Seville (or, Sevilla, as it is properly called) is the largest of what I think of as the big three Andalusian cities—Seville, Granada, and Cordoba. It’s probably the most iconic as well, drawing in visitors from around the world to take in that quintessential Andalusian feel. A decent analogy for Seville would be to say that it is sort of like a well-aged bottle of wine. It doesn’t have the pop and vibrancy of cities like Barcelona or Granada, but has an older and refined charm to it. Seville has a lot of things that attract tourists, such as the fourth largest church in the world and the Royal Alcazar, (palace) but my personal favorite spot in Seville is the Plaza de España (pictured right). I’m not that old and haven’t seen all that much of the world, but I’m fine declaring it to be one of the world’s most beautiful architectural masterpieces. Brick, stone, and tiles are laid out in splendid fashion, the likes of which I’ve hardly seen anywhere else. Seville has tried bringing in some modern art and architecture, such as the giant mushroom structure, the new bridge over the river, and the World’s Fair expo grounds, but I don’t think the city needs it. Seville is all about aged elegance.
Tarifa and Tangier
I have stood at the edge of the world.

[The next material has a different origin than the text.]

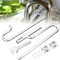 OU BEST CHOOSE Aquarium Wasseroberfläche Skimmer Filterrohr Abflussrohre Einstellbar Edelstahl Einlauf Auslauf Wasserleitung (16mm)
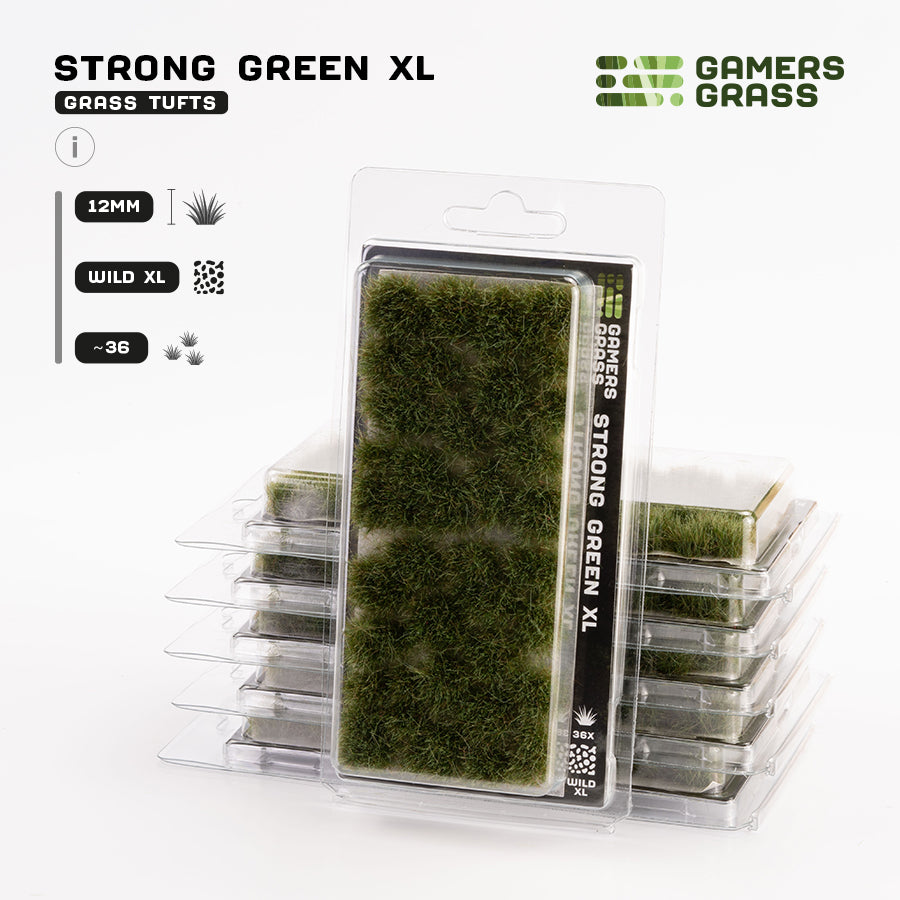 Strong Green XL 12mm - Wild Tufts By Gamers Grass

Ok, so Tarifa isn’t actually the edge of the world, but it feels like it. Down at the southern edge of mainland Europe you can see the Atlantic Ocean, Africa, and the Mediterranean Sea with a single turn of your head. The winds blow in strongly from the Atlantic, bringing in all the kite surfers looking to catch the air. Across the strait is Tangier, which despite being only a forty-minute ferry ride from Tarifa, feels a world away from Europe. The narrow crowded streets in the old city are bustling with shops and salesmen. Nearby a series of high-rise apartments line the beach, with a new port under construction. Back in Tarifa I saw perhaps the most brilliant sunset of my life, with reds, oranges, and yellows reflected in the clouds and the small pools of water on the beach as the sun went down over the Atlantic. It was the edge of the world, and the sun was saying goodbye.
On this day, one year ago, I was wandering all around Istanbul. In the morning I ventured into the Grand Bazaar, and in the deep core of it I found a Turkish tobacco pipe shop from which I bought a friend’s wedding gift. For lunch I grabbed a meal with two people from my hostel at a restaurant near the Süleymaniye Mosque, and in the afternoon I went out to the old city walls and also visited the Chora Church. From up on the walls I strained looked around in every direction but couldn’t seen an end to the city.